黒髪の薬師3
気が付くと、ロマーナは自宅のベッドに寝ていた。側には、バルト一家がいた。
「ロマーナ、気が付いたんだね」
クリストフが、ホッとした顔で言った。ロマーナは、自身やイデアの身に起きた事を思い出し、勢いよく上半身を起こした。
「お母さんは……!?」
クリストフは、苦しそうな顔をして目を伏せた。
「そんな……お母さん……あ……うああああ……!!」
ロマーナは、その日泣き続けた。
回復した後、ロマーナは親戚に引き取られた。後から聞いた話によると、猟銃を撃った男は逮捕されたとの事。男には精神疾患があったらしい。病気があったかなんて、母親を失ったロマーナにとってはどうでも良い事だったが。そして、引き取られた後も、バルト一家はロマーナの事を気に掛けてくれていた。
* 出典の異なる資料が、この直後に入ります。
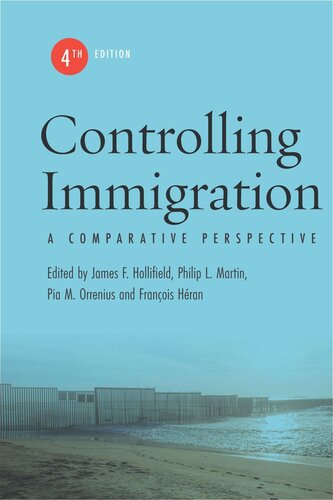 Controlling Immigration A Comparative Perspective Fourth Edition James F Hollifield Editor Philip L Martin Editor Pia M Orrenius Editor Franois Hran Editor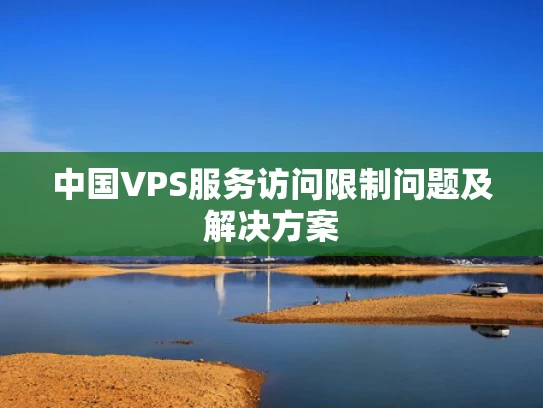 中国VPS服务访问限制问题及解决方案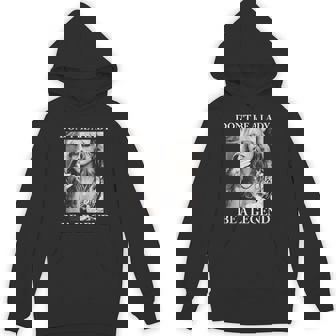 Don't Be A Lady Be A Legend Rock Music Quote Hoodie - Thegiftio UK
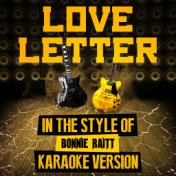 Love Letter (In the Style of Bonnie Raitt) [Karaoke Version] - Single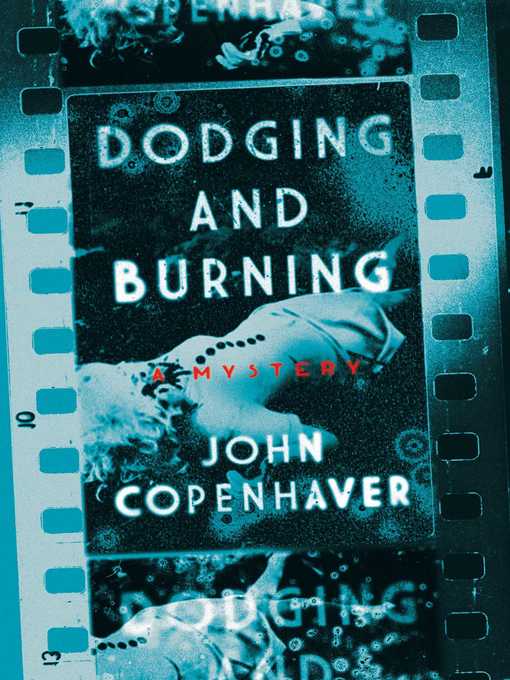 Title details for Dodging and Burning by John Copenhaver - Wait list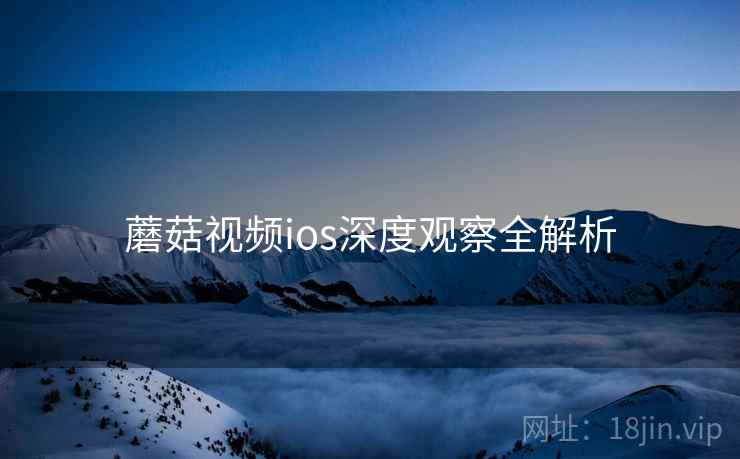 蘑菇视频ios深度观察全解析 蘑菇视频ios深度观察全解析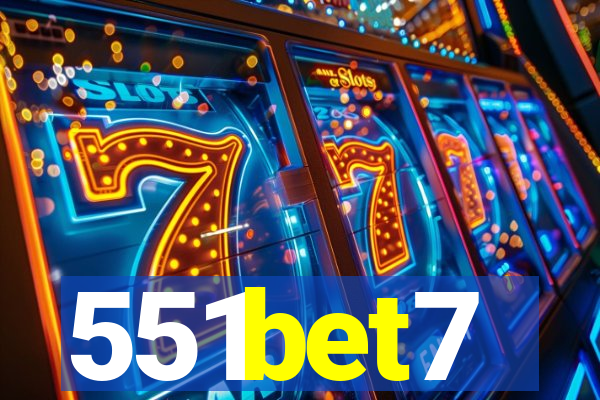 551bet7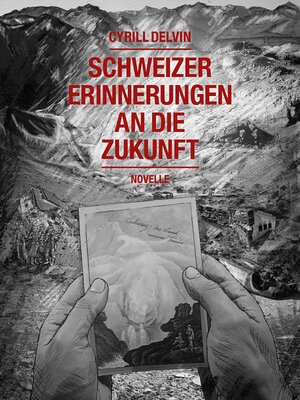 cover image of Schweizer Erinnerungen an die Zukunft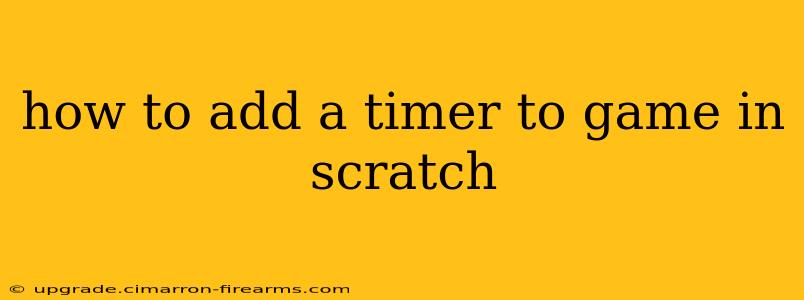 how to add a timer to game in scratch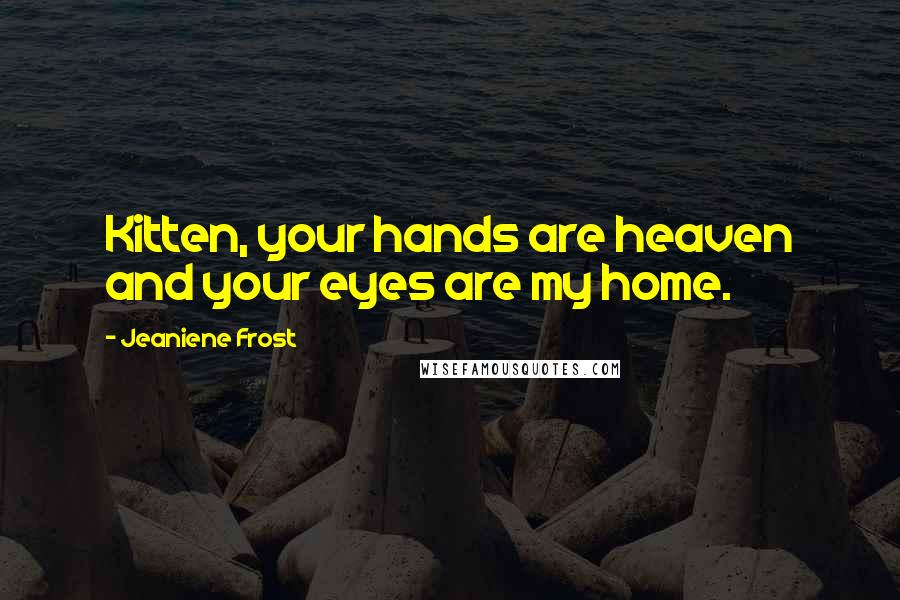 Jeaniene Frost Quotes: Kitten, your hands are heaven and your eyes are my home.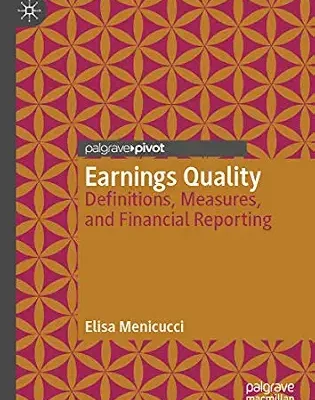 خرید و دانلود نسخه کامل کتاب Earnings Quality: Definitions, Measures, and Financial Reporting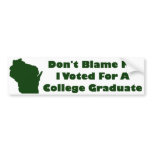 Don't Blame Me, I Voted For A College Graduate Bumper Sticker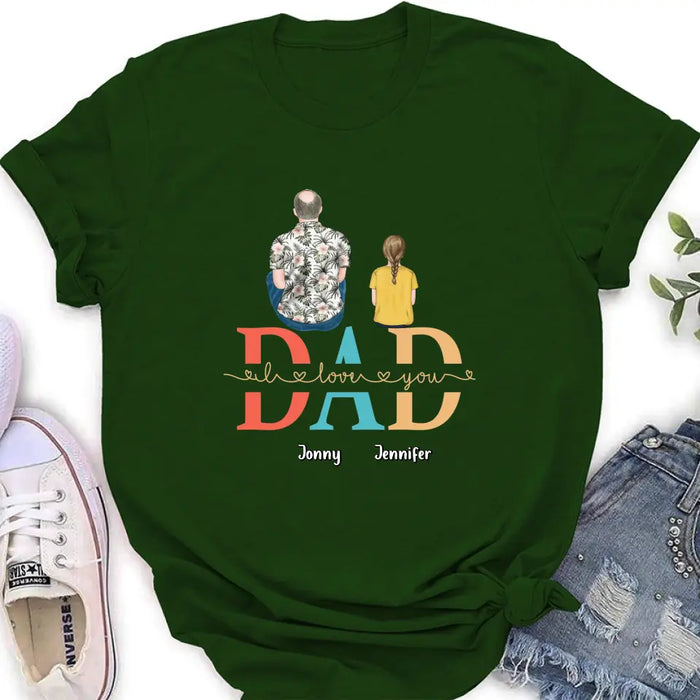 Personalized Dad Shirt/Hoodie - Up to 4 Children - Father's Day Gift Idea - Dad I Love You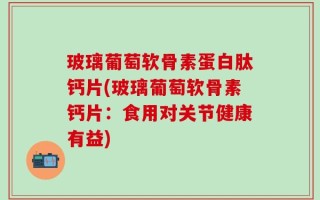 玻璃葡萄软骨素蛋白肽钙片(玻璃葡萄软骨素钙片：食用对关节健康有益)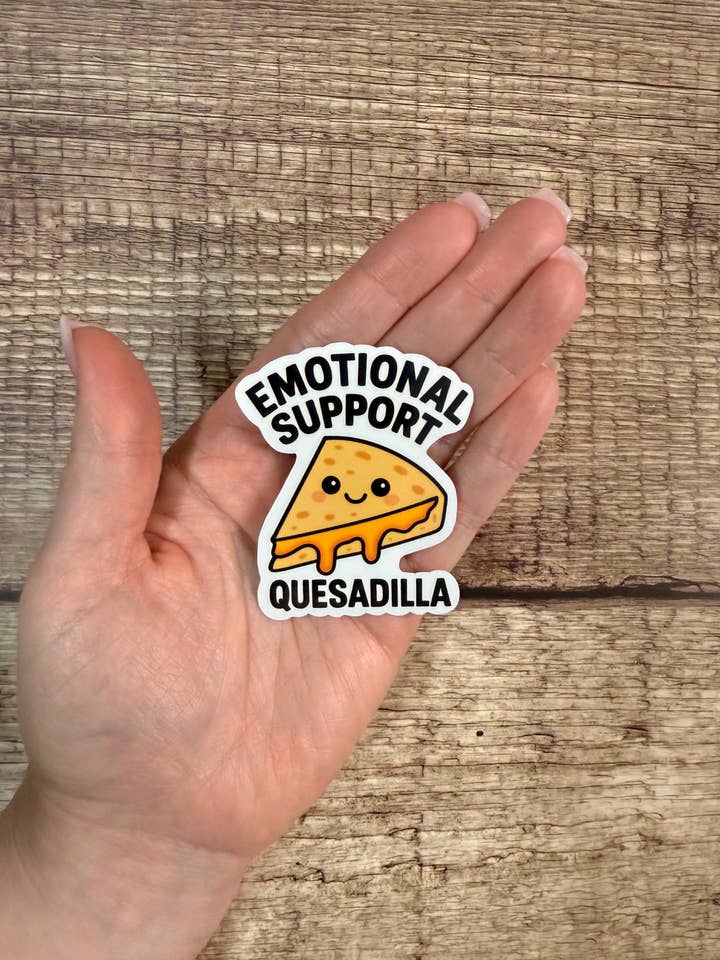 Emotional Support Quesadilla Waterproof Sticker | Mexican Food Lover Pun Vinyl Decal Gift for wholesale by Laura Dawn Designs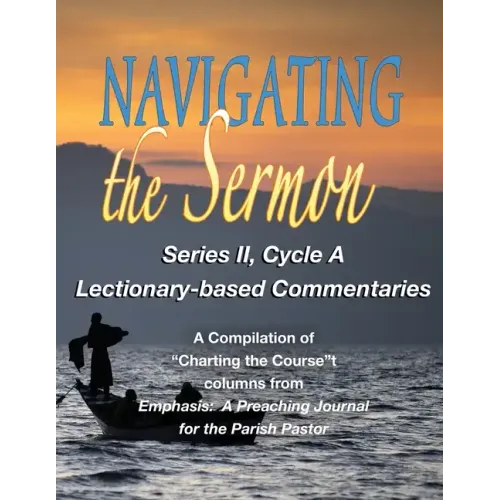 Navigating the Sermon: Series II, Cycle A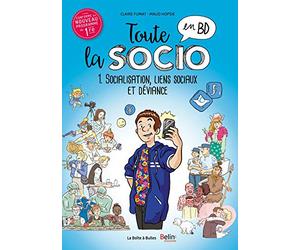 Toute la socio en BD T1 : Socialisation, liens sociaux et déviance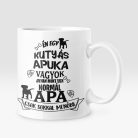 Én egy kutyás apuka vagyok... bögre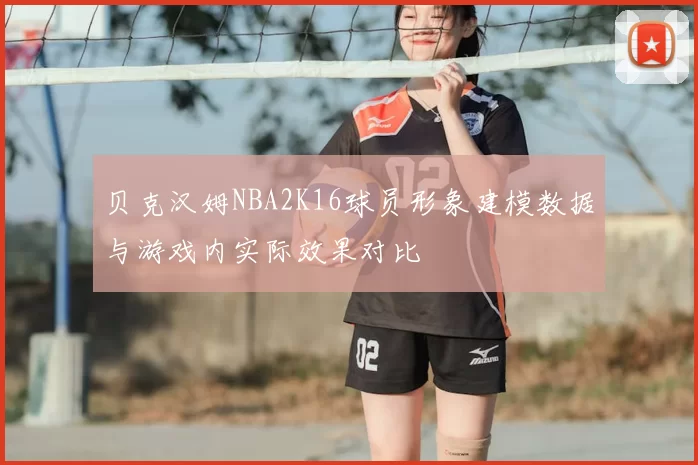 贝克汉姆NBA2K16球员形象建模数据与游戏内实际效果对比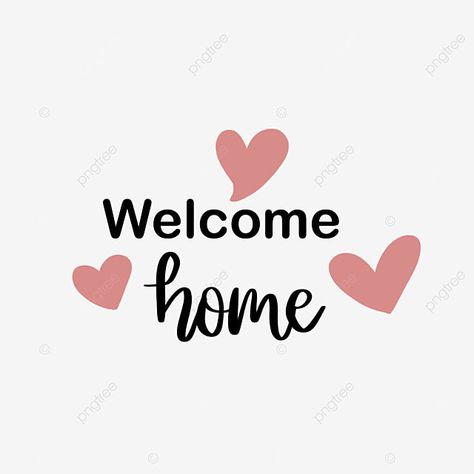 Welcome Home Quotes, Love Letters Quotes, Hubby Quotes, Home Png, Welcome Home Signs, Antique Pattern, Welcome Home Images, Father Images, Welcome Letters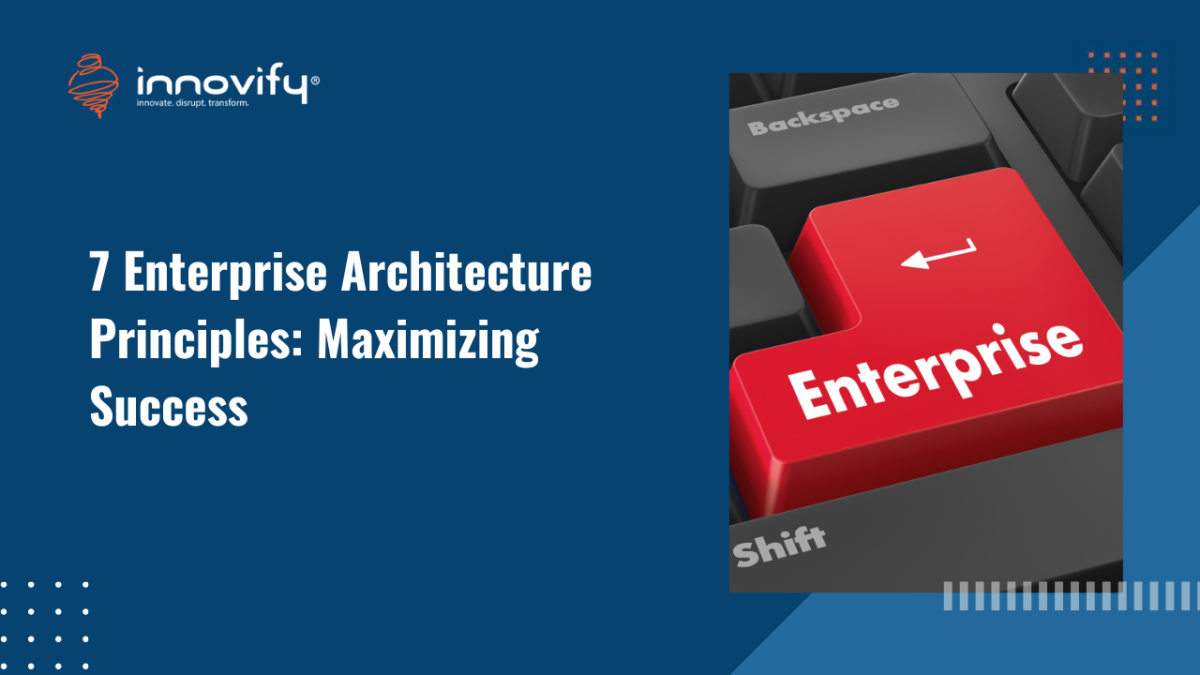 7-Enterprise-Architecture-Principles_-Maximizing-Succes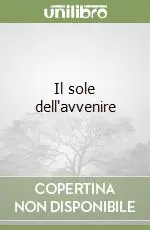 Il sole dell‘avvenire Occasione Imperdibile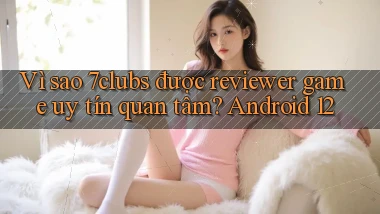 Vì sao 7clubs được reviewer game uy tín quan tâm Android 12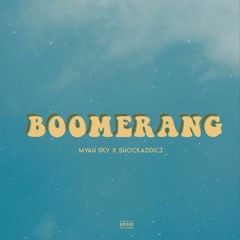 Shockaddict x Myah Sky - Boomerang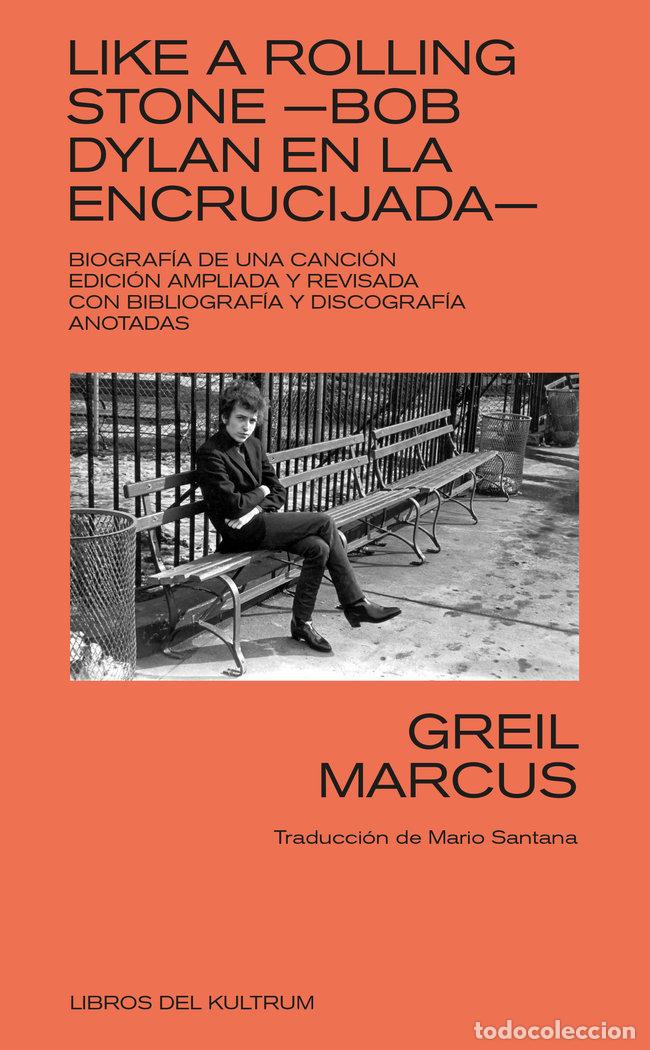 books: LIKE A ROLLING STONE - MARCUS, GREIL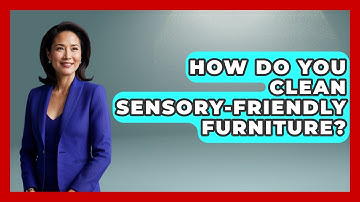 How Do You Clean Sensory-friendly Furniture? - Answers About Autism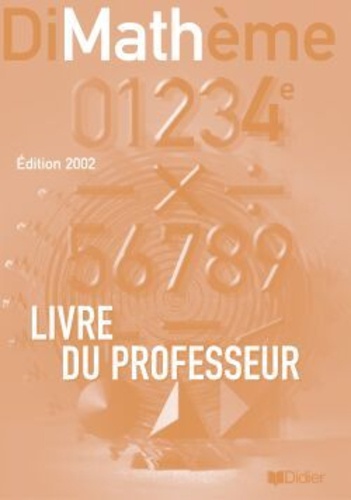 Jean-Luc Fourton et Jean-Claude Perrinaud - Maths 4e Dimathème - Livre du professeur.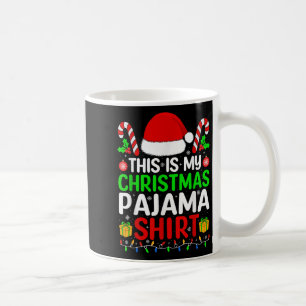 This Is My Christmas Pajama Shirt Matching Family Coffee Mug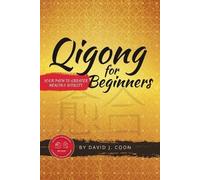 David J Coon Qigong for Beginners (Tascabile)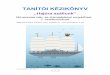 Hajóra szállunk (5-23)mkkonyvkiado.hu/wp-content/uploads/2016/06/KOMP... · Tanítói kézikönyv – Báb-dráma 2. 5 I. Hajóra szállunk (mf. 5-12. oldal) 1. A mi hajónk (mf
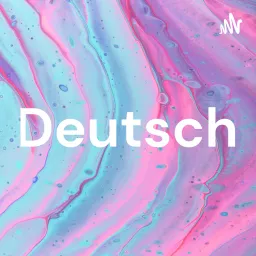 Deutsch Podcast artwork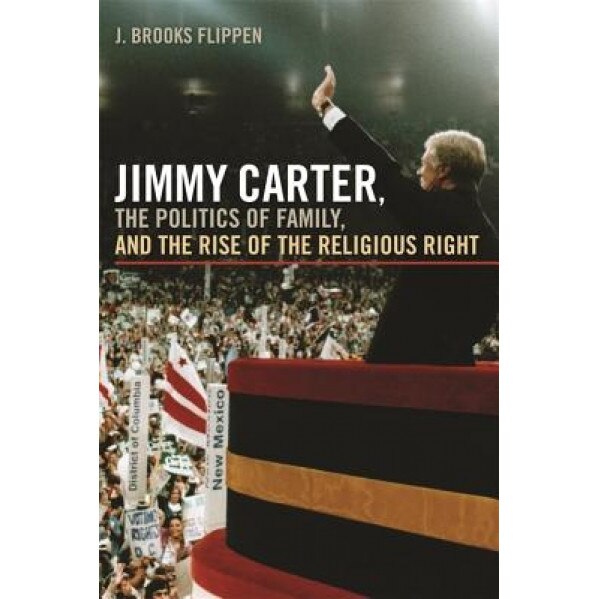 Jimmy Carter, the Politics of Family, and the Rise of the Religious Right, J. Brooks Flippen (Author)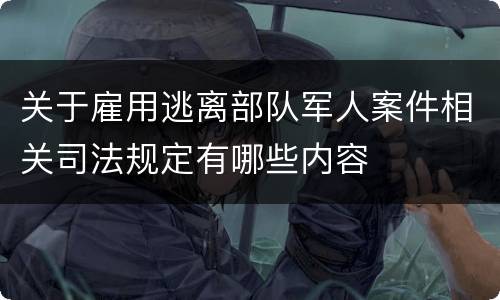 关于雇用逃离部队军人案件相关司法规定有哪些内容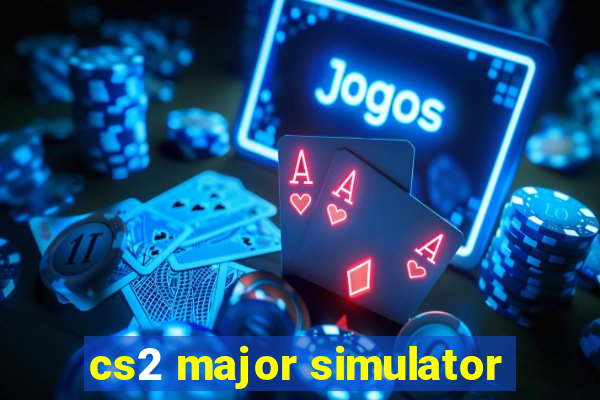 cs2 major simulator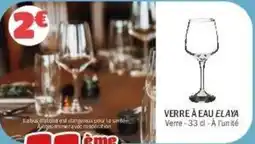 La Foir'Fouille Verre à eau elaya offre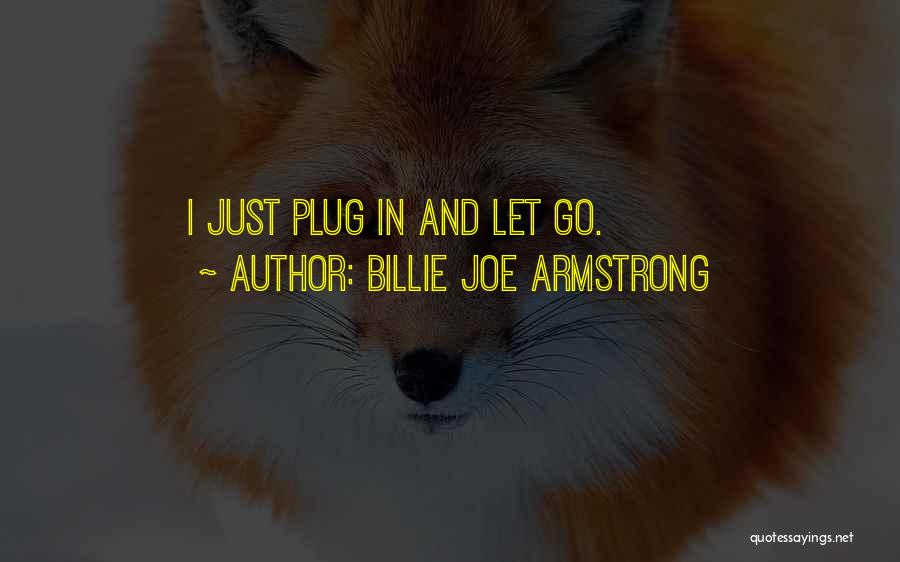 Billie Armstrong Quotes By Billie Joe Armstrong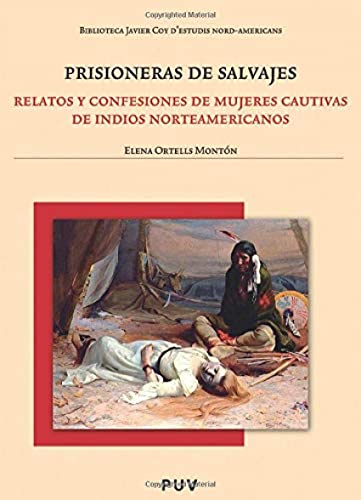 Prisioneras de salvajes. Relatos y confesiones de mujeres cautivas de Indios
そんなある日、ロマーナがイデアの墓参りに行くと、バルト一家が先に来ていた。バルト一家は、ロマーナがいる事に気付かずに話をしていた。
「……血を吸った事は、ロマーナには秘密にしておこう」
「そうね。私もその方が良いと思う。……マティアス、あなたも、あの日の事はロマーナに言っては駄目よ」
「わかった」
三人の会話を聞いて、ロマーナは察した。まだ二歳だったヨハンはともかく、あの三人は、救助もせず、瀕死の重傷を負ったイデアの血を吸ったのだ。イデアの事を、栄養源としか見ていなかったのだ。
ロマーナはショックを受けると共に、沸々と怒りが湧いてきた。かといって、子供だったロマーナに復讐など出来るはずもなく、それとなくバルト一家と距離を取る事しか出来なかった。
成長し、ロマーナは薬師となる為に他国に修行に行き、二十二歳の時にこの国に戻ってきた。復習したいと思っていたクリストフとエミーリアは、既に亡くなっていた。
薬師として独立し、店を持つようになると、マティアスが店にやって来るようになった。再会した時、マティアスは「久しぶり」とだけ言った。マティアスは、頻繁に店で商品を購入するばかりか、顧客を紹介してくれた。店を持って二年くらい経った時には、商人のプリシッラを紹介してくれた。プリシッラは当時独立していなかったが、商才があった為、プリシッラに卸したロマーナの薬はよく売れた。
ロマーナは、マティアスに復讐しようと思ったが、昔一緒に遊んだ記憶が蘇り、なかなか実行できなかった。